To fulfill its roles, duties and responsibilities effectively, the Board may contact and have discussions with the Company's external auditors and the Company's officers and employees and request Company information and documentation from these persons.

The Board may, in its sole discretion, retain and obtain the advice and assistance of independent outside counsel and such other advisors as it deems necessary to fulfil its duties and responsibilities under this Charter. The Board may set the compensation and oversee the work of any outside counsel and other advisors to be paid by the Company.

15. COMPENSATION

The Board is responsible for reviewing the compensation of members of the Board to ensure that the compensation realistically reflects the responsibilities and risks involved in being an effective director and for reviewing the compensation of members of the senior management team to ensure that they are competitive within the industry and that the form of compensation aligns the interests of each such individual with those of the Corporation.

16. ACCOUNTABILITIES OF INDIVIDUAL DIRECTORS

The accountabilities set out below are meant to serve as a framework to guide individual directors in their participation on the Board, with a view to enabling the Board to meet its duties and responsibilities.
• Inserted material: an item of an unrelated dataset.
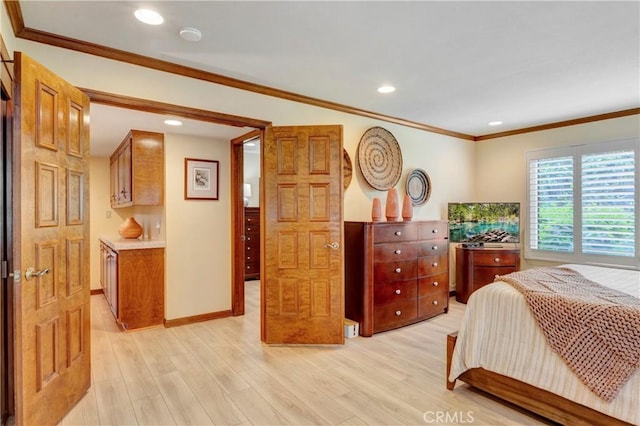 6272 Riviera Cir, Long Beach, CA 90815 - bedroom with light wood finished floors, crown molding, and recessed lighting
Principal accountabilities include:

(a) assuming a stewardship role, overseeing the management of the business and affairs of the Corporation;
(b) maintaining a clear understanding of the Corporation, including its strategic and financial plans and objectives, emerging trends and issues, significant strategic initiatives and capital allocations and expenditures, risks and management of those risks, internal systems, processes and controls, compliance with applicable laws and regulations, governance, audit and accounting principles and practices;
(c) preparing for each Board and Committee meeting by reviewing materials that have been provided in a timely manner and requesting, where appropriate, information that will allow the director to properly participate in the Board's deliberations, make informed business judgments, and exercise oversight;
(d) absent a compelling reason, attending every meeting of the Board and each Committee of which such director is a member, and actively participating in deliberations and decisions. When attendance is not possible a director should become familiar with the matters to be covered at the meeting;
(e) voting on all decisions of the Board or any Committees of which such director is a member, except when a conflict of interest may exist;
(f) preventing personal interests from conflicting with, or appearing to conflict with, the interests of the Corporation and disclosing details of such conflicting interests should they arise; and
(g) acting in the highest ethical manner and with integrity in all professional dealings.
17. NO RIGHTS CREATED

This Charter is a broad policy statement and is attended to be part of the Board's flexible governance framework. While this Charter should comply with all Applicable Law and the Company's constating documents, including articles and by-laws, this Charter does not create any legally binding obligations on the Board, any Committee, any director, or the Company.

18. MANDATE REVIEW

The Board will annually review and reassess the adequacy of this Board Charter.